This book constitutes the thoroughly refereed post-conference proceedings of the 8th TPC Technology Conference, on Performance Evaluation and Benchmarking, TPCTC 2016, held in conjunction with the 41st International Conference on Very Large Databases (VLDB 2016) in New Delhi, India, in September 2016.

The 9 papers presented were carefully reviewed and selected from 20 submissions. They reflect the rapid pace at which industry experts and researchers develop innovative techniques for evaluation, measurement and characterization of complex systems.

Inhaltsverzeichnis

Frontmatter
Industry Standards for the Analytics Era: TPC Roadmap
Abstract
The Transaction Processing Performance Council (TPC) is a non-profit organization focused on developing data-centric benchmark standards and disseminating objective, verifiable performance data to industry. This paper provides a high-level summary of TPC benchmark standards, technology conference initiative, and new development activities in progress.
Raghunath Nambiar, Meikel Poess
TPCx-HS on the Cloud!
Abstract
The introduction of web scale operations needed for social media coupled with ease of access to the internet by mobile devices has exponentially increased the amount of data being generated every day.

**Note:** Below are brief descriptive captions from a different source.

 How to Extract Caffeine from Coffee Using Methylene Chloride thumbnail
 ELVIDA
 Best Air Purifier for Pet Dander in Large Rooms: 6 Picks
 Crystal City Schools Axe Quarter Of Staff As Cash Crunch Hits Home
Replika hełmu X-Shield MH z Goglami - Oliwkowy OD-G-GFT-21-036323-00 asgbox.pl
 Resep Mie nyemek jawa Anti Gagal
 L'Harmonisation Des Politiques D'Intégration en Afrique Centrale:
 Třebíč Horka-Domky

By conservative estimates the world generates close to 50,000 GB of data every second, 90% of which is unstructured, and this growth is accelerating. From its origins as a web log processing system at Yahoo, the open source nature and efficient processing of Apache Hadoop has made it the industry standard for Big Data processing.

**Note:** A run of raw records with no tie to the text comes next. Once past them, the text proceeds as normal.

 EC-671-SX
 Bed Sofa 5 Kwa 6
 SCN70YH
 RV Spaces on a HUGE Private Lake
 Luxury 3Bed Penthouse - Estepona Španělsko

TPCx-HS was the first benchmark standard by a major Industry-Standard performance consortium for the Big Data space. TPCx-HS is a derivative of Apache Hadoop Workloads; Teragen, Terasort and Teravalidate. Ever since its release by the TPC in August 2014, all the 18 results published (as of August 2016) have been based on on-premise, Bare-metal hardware configurations.
This paper will show how Hadoop can be deployed on an OpenStack cloud using the OpenStack Sahara project and how TPCx-HS can be used to measure and evaluate the performance of the Cloud under Test (CuT). It will also show how an OpenStack cloud can be optimized to get the performance of TPCx-HS on the Cloud to match as closely as possible that on a Bare-metal configuration. Lastly, it will share results and experiences based on a Hadoop on Cloud Proof-of-Concept (POC), a study that was undertaken by the Dell Open Source Solutions team.

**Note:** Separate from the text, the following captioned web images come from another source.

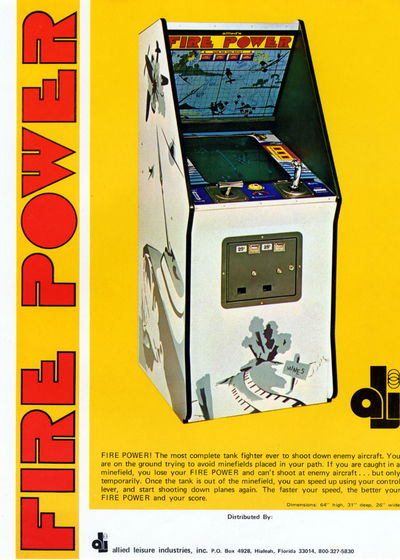 Profile picture of Fire Power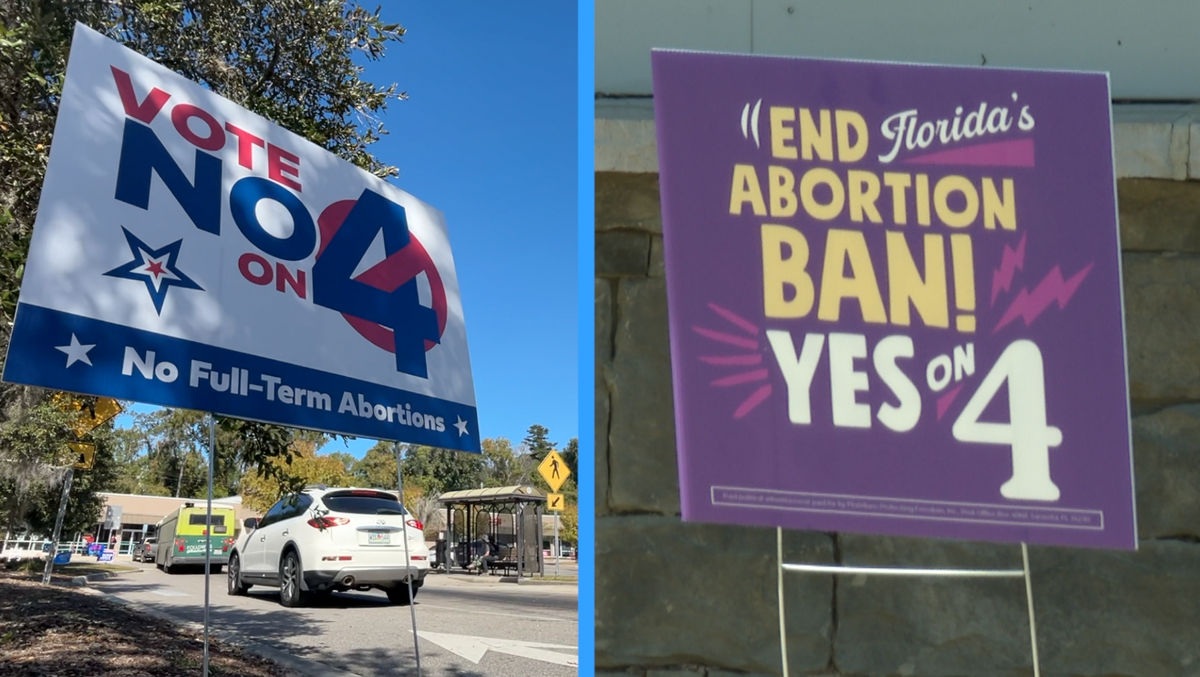 Seven States Expand Abortion Protections as Florida Ballot Measure Fails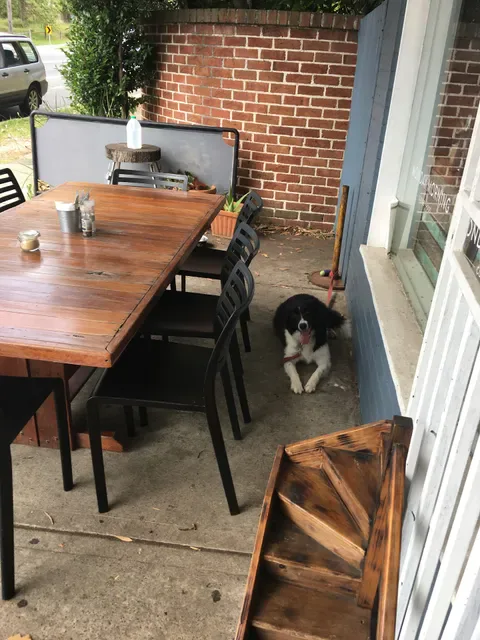 The Monday Morning Cafe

Nicholas Wakou, Michael Woodside, Arkady Kanevsky, Fazal E Rehman Khan, Mofassir ul Islam Arif
From BigBench to TPCx-BB: Standardization of a Big Data Benchmark
Abstract
With the increased adoption of Hadoop-based big data systems for the analysis of large volume and variety of data, an effective and common benchmark for big data deployments is needed. There have been a number of proposals from industry and academia to address this challenge. While most either have basic workloads (e.g. word counting), or port existing benchmarks to big data systems (e.g. TPC-H or TPC-DS), some are specifically designed for big data challenges. The most comprehensive proposal among these is the BigBench benchmark, recently standardized by the Transaction Processing Performance Council as TPCx-BB. In this paper, we discuss the progress made since the original BigBench proposal to the standardized TPCx-BB. In addition, we will share the thought process went into creating the specification, challenges in navigating the uncharted territories of a complex benchmark for a fast moving technology domain, and analyze the functionality of the benchmark suite on different Hadoop- and non-Hadoop-based big data engines. We will provide insights on the first official result of TPCx-BB and finally discuss, in brief, other relevant and fast growing big data analytic use cases to be addressed in future big data benchmarks.
Paul Cao, Bhaskar Gowda, Seetha Lakshmi, Chinmayi Narasimhadevara, Patrick Nguyen, John Poelman, Meikel Poess, Tilmann Rabl
Benchmarking Spark Machine Learning Using BigBench
Abstract
Databases such as dashDB are adding High Speed Connectors for Spark to efficiently extract large volumes of data. This allows them to be combined with other unstructured data sources and perform Machine Learning (ML) on top of it. Machine Learning is a key ingredient for such use cases. In order to assess performance of the data connectors and machine language frameworks, we sought benchmarks that have the ability to scale the size of datasets to very large volumes and apply Machine Learning algorithms. After exploring several options, we found BigBench to be a good fit. In this paper, we talk about our experiences of using BigBench with special focus on its 5 Machine Learning queries and their default implementation in Spark. We discuss on how we could improve effectiveness of BigBench for benchmarking Machine Learning by avoiding bias and inclusion of real time analytics. We also think that there is scope for improving the coverage of Machine Learning by adding more use cases like Collaborative Filtering. Lastly, we share some interesting visualization of 4 ML queries using SPSS Modeler and our experiments on different Clustering and Classification algorithms.
Sweta Singh
Benchmarking Exploratory OLAP
Abstract
Supporting interactive database exploration (IDE) is a problem that attracts lots of attention these days. Exploratory OLAP (On-Line Analytical Processing) is an important use case where tools support navigation and analysis of the most interesting data, using the best possible perspectives. While many approaches were proposed (like query recommendation, reuse, steering, personalization or unexpected data recommendation), a recurrent problem is how to assess the effectiveness of an exploratory OLAP approach. In this paper we propose a benchmark framework to do so, that relies on an extensible set of user-centric metrics that relate to the main dimensions of exploratory analysis. Namely, we describe how to model and simulate user activity, how to formalize our metrics and how to build exploratory tasks to properly evaluate an IDE system under test (SUT). To the best of our knowledge, this is the first proposal of such a benchmark. Experiments are two-fold: first we evaluate the benchmark protocol and metrics based on synthetic SUTs whose behavior is well known. Second, we concentrate on two different recent SUTs from IDE literature that are evaluated and compared with our benchmark. Finally, potential extensions to produce an industry-strength benchmark are listed in the conclusion.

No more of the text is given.